- [WHAT YOU NEED TO DO]: Write out the data exactly, every line included.

- [INFORMATION GIVEN]:
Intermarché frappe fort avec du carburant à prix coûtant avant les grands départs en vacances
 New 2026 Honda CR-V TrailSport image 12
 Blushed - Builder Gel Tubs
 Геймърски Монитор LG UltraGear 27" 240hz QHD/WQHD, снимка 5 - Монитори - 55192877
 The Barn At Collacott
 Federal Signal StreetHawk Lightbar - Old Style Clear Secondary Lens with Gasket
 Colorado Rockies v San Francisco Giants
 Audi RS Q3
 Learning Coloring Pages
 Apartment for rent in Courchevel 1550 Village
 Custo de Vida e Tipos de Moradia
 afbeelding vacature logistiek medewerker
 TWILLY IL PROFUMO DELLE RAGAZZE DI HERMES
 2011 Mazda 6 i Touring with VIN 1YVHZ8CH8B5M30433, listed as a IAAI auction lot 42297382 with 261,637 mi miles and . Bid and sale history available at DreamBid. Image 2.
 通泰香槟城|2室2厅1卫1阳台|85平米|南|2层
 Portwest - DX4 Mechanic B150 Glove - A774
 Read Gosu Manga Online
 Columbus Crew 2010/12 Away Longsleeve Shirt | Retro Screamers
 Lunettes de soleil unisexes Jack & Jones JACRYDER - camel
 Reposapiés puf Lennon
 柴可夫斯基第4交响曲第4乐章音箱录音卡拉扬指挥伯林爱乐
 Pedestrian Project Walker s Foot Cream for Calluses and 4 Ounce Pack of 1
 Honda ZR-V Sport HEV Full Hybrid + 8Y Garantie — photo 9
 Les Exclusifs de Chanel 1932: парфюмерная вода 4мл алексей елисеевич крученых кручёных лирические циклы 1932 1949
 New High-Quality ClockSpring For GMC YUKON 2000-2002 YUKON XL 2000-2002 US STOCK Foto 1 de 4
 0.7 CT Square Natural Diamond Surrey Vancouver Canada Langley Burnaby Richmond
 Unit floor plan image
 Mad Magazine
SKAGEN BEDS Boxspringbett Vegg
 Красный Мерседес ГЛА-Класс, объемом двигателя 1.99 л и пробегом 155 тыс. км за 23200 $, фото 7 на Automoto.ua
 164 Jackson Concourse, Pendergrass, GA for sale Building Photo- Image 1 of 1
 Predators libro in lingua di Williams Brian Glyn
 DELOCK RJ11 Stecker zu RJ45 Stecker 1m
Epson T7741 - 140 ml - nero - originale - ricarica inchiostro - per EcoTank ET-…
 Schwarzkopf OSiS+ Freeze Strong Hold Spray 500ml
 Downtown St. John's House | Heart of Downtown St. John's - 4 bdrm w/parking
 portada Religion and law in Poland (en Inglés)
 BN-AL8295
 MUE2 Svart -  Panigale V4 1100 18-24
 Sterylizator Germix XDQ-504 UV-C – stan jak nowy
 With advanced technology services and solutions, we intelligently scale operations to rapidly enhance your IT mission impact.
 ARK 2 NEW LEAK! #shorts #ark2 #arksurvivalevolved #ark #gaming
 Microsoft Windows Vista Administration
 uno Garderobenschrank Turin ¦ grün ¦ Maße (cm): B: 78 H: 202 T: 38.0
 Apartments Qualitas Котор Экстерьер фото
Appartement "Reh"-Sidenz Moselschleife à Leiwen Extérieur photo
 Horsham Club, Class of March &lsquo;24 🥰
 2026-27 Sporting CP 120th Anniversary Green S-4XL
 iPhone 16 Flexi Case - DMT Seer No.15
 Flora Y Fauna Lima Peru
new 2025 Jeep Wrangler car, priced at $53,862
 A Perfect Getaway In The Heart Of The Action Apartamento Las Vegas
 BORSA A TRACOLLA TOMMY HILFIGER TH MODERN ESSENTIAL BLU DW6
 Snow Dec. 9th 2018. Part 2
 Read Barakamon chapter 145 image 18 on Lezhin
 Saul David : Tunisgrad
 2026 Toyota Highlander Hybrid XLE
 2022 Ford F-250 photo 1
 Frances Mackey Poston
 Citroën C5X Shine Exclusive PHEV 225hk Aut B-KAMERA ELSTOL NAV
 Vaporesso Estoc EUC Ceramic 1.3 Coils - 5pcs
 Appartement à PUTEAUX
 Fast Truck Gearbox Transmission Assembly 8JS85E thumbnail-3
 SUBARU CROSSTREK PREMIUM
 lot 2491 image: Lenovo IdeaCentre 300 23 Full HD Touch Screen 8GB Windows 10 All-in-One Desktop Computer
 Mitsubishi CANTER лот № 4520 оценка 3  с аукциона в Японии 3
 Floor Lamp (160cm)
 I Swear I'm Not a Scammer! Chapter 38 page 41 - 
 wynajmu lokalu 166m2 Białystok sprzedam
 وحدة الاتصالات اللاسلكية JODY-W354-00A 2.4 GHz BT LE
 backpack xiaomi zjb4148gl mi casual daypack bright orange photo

- [ANSWER FOR THIS EXERCISE]:
Intermarché frappe fort avec du carburant à prix coûtant avant les grands départs en vacances
 New 2026 Honda CR-V TrailSport image 12
 Blushed - Builder Gel Tubs
 Геймърски Монитор LG UltraGear 27" 240hz QHD/WQHD, снимка 5 - Монитори - 55192877
 The Barn At Collacott
 Federal Signal StreetHawk Lightbar - Old Style Clear Secondary Lens with Gasket
 Colorado Rockies v San Francisco Giants
 Audi RS Q3
 Learning Coloring Pages
 Apartment for rent in Courchevel 1550 Village
 Custo de Vida e Tipos de Moradia
 afbeelding vacature logistiek medewerker
 TWILLY IL PROFUMO DELLE RAGAZZE DI HERMES
 2011 Mazda 6 i Touring with VIN 1YVHZ8CH8B5M30433, listed as a IAAI auction lot 42297382 with 261,637 mi miles and . Bid and sale history available at DreamBid. Image 2.
 通泰香槟城|2室2厅1卫1阳台|85平米|南|2层
 Portwest - DX4 Mechanic B150 Glove - A774
 Read Gosu Manga Online
 Columbus Crew 2010/12 Away Longsleeve Shirt | Retro Screamers
 Lunettes de soleil unisexes Jack & Jones JACRYDER - camel
 Reposapiés puf Lennon
 柴可夫斯基第4交响曲第4乐章音箱录音卡拉扬指挥伯林爱乐
 Pedestrian Project Walker s Foot Cream for Calluses and 4 Ounce Pack of 1
 Honda ZR-V Sport HEV Full Hybrid + 8Y Garantie — photo 9
 Les Exclusifs de Chanel 1932: парфюмерная вода 4мл алексей елисеевич крученых кручёных лирические циклы 1932 1949
 New High-Quality ClockSpring For GMC YUKON 2000-2002 YUKON XL 2000-2002 US STOCK Foto 1 de 4
 0.7 CT Square Natural Diamond Surrey Vancouver Canada Langley Burnaby Richmond
 Unit floor plan image
 Mad Magazine
SKAGEN BEDS Boxspringbett Vegg
 Красный Мерседес ГЛА-Класс, объемом двигателя 1.99 л и пробегом 155 тыс. км за 23200 $, фото 7 на Automoto.ua
 164 Jackson Concourse, Pendergrass, GA for sale Building Photo- Image 1 of 1
 Predators libro in lingua di Williams Brian Glyn
 DELOCK RJ11 Stecker zu RJ45 Stecker 1m
Epson T7741 - 140 ml - nero - originale - ricarica inchiostro - per EcoTank ET-…
 Schwarzkopf OSiS+ Freeze Strong Hold Spray 500ml
 Downtown St. John's House | Heart of Downtown St. John's - 4 bdrm w/parking
 portada Religion and law in Poland (en Inglés)
 BN-AL8295
 MUE2 Svart -  Panigale V4 1100 18-24
 Sterylizator Germix XDQ-504 UV-C – stan jak nowy
 With advanced technology services and solutions, we intelligently scale operations to rapidly enhance your IT mission impact.
 ARK 2 NEW LEAK! #shorts #ark2 #arksurvivalevolved #ark #gaming
 Microsoft Windows Vista Administration
 uno Garderobenschrank Turin ¦ grün ¦ Maße (cm): B: 78 H: 202 T: 38.0
 Apartments Qualitas Котор Экстерьер фото
Appartement "Reh"-Sidenz Moselschleife à Leiwen Extérieur photo
 Horsham Club, Class of March &lsquo;24 🥰
 2026-27 Sporting CP 120th Anniversary Green S-4XL
 iPhone 16 Flexi Case - DMT Seer No.15
 Flora Y Fauna Lima Peru
new 2025 Jeep Wrangler car, priced at $53,862
 A Perfect Getaway In The Heart Of The Action Apartamento Las Vegas
 BORSA A TRACOLLA TOMMY HILFIGER TH MODERN ESSENTIAL BLU DW6
 Snow Dec. 9th 2018. Part 2
 Read Barakamon chapter 145 image 18 on Lezhin
 Saul David : Tunisgrad
 2026 Toyota Highlander Hybrid XLE
 2022 Ford F-250 photo 1
 Frances Mackey Poston
 Citroën C5X Shine Exclusive PHEV 225hk Aut B-KAMERA ELSTOL NAV
 Vaporesso Estoc EUC Ceramic 1.3 Coils - 5pcs
 Appartement à PUTEAUX
 Fast Truck Gearbox Transmission Assembly 8JS85E thumbnail-3
 SUBARU CROSSTREK PREMIUM
 lot 2491 image: Lenovo IdeaCentre 300 23 Full HD Touch Screen 8GB Windows 10 All-in-One Desktop Computer
 Mitsubishi CANTER лот № 4520 оценка 3  с аукциона в Японии 3
 Floor Lamp (160cm)
 I Swear I'm Not a Scammer! Chapter 38 page 41 - 
 wynajmu lokalu 166m2 Białystok sprzedam
 وحدة الاتصالات اللاسلكية JODY-W354-00A 2.4 GHz BT LE
 backpack xiaomi zjb4148gl mi casual daypack bright orange photo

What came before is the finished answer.